Collection entries
⁂

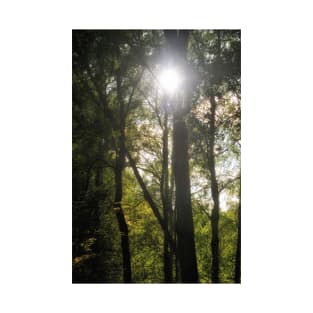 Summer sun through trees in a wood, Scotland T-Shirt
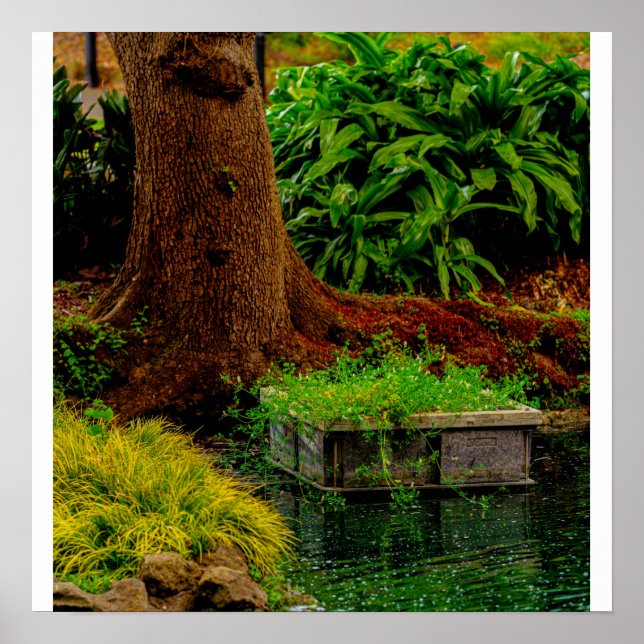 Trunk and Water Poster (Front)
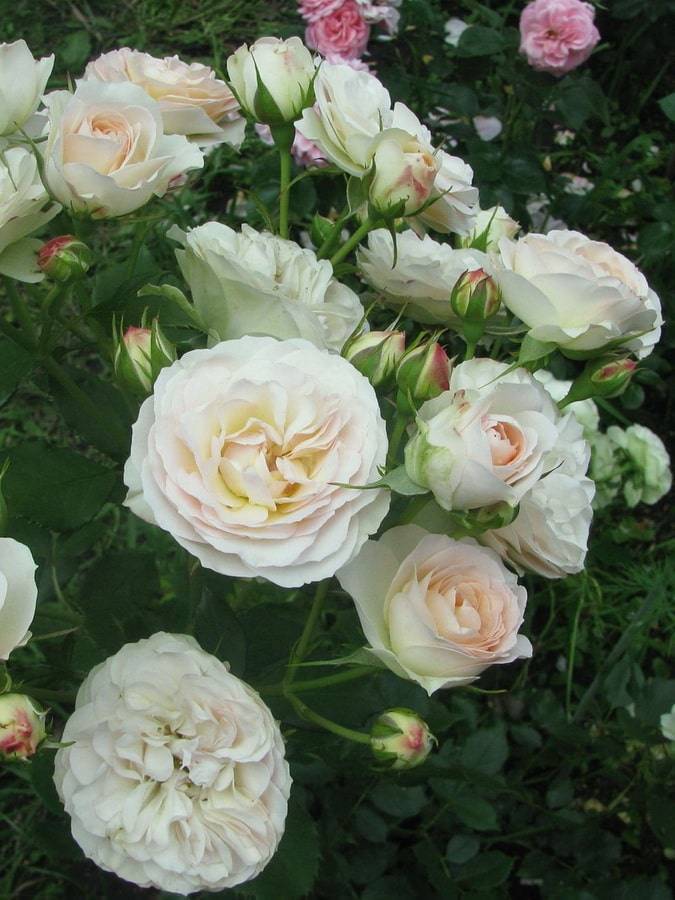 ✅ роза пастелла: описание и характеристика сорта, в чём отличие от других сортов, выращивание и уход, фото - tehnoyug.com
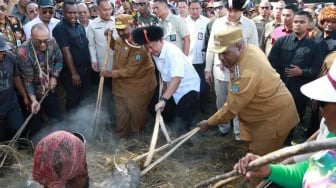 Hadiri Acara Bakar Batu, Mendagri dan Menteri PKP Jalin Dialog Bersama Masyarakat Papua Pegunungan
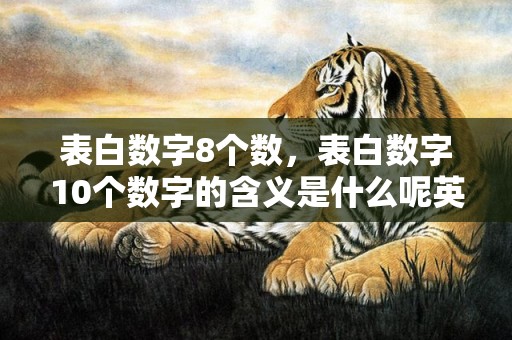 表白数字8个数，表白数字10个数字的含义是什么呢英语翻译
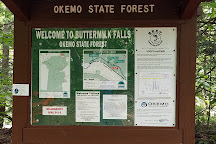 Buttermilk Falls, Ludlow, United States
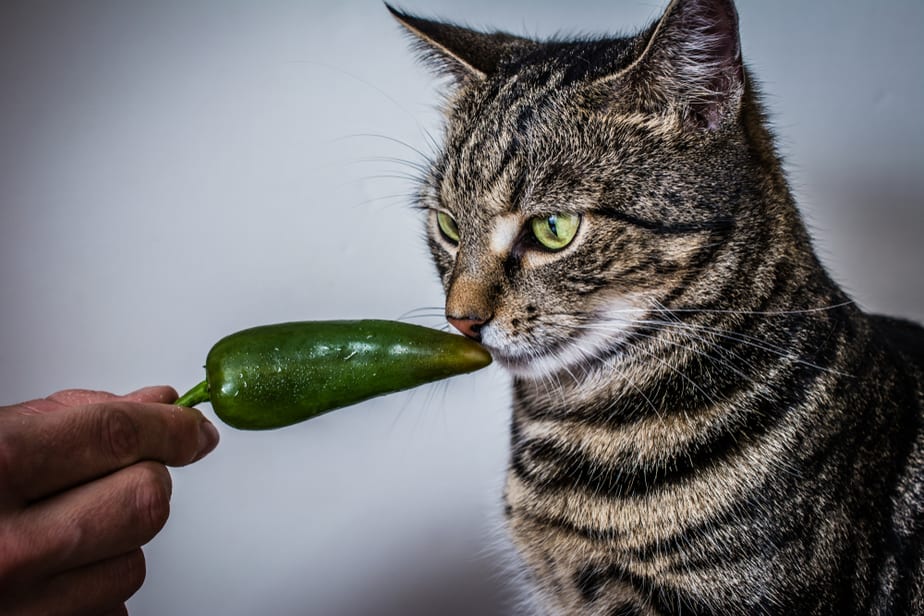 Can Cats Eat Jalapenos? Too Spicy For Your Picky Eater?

⁂

Problem to solve:
The data must be printed exactly, image-free.

Result for this task:
 Summer sun through trees in a wood, Scotland T-Shirt
 Trunk and Water Poster (Front)
 ✅ роза пастелла: описание и характеристика сорта, в чём отличие от других сортов, выращивание и уход, фото - tehnoyug.com
 Hadiri Acara Bakar Batu, Mendagri dan Menteri PKP Jalin Dialog Bersama Masyarakat Papua Pegunungan
 表白数字8个数，表白数字10个数字的含义是什么呢英语翻译
 Buttermilk Falls, Ludlow, United States
 Can Cats Eat Jalapenos? Too Spicy For Your Picky Eater?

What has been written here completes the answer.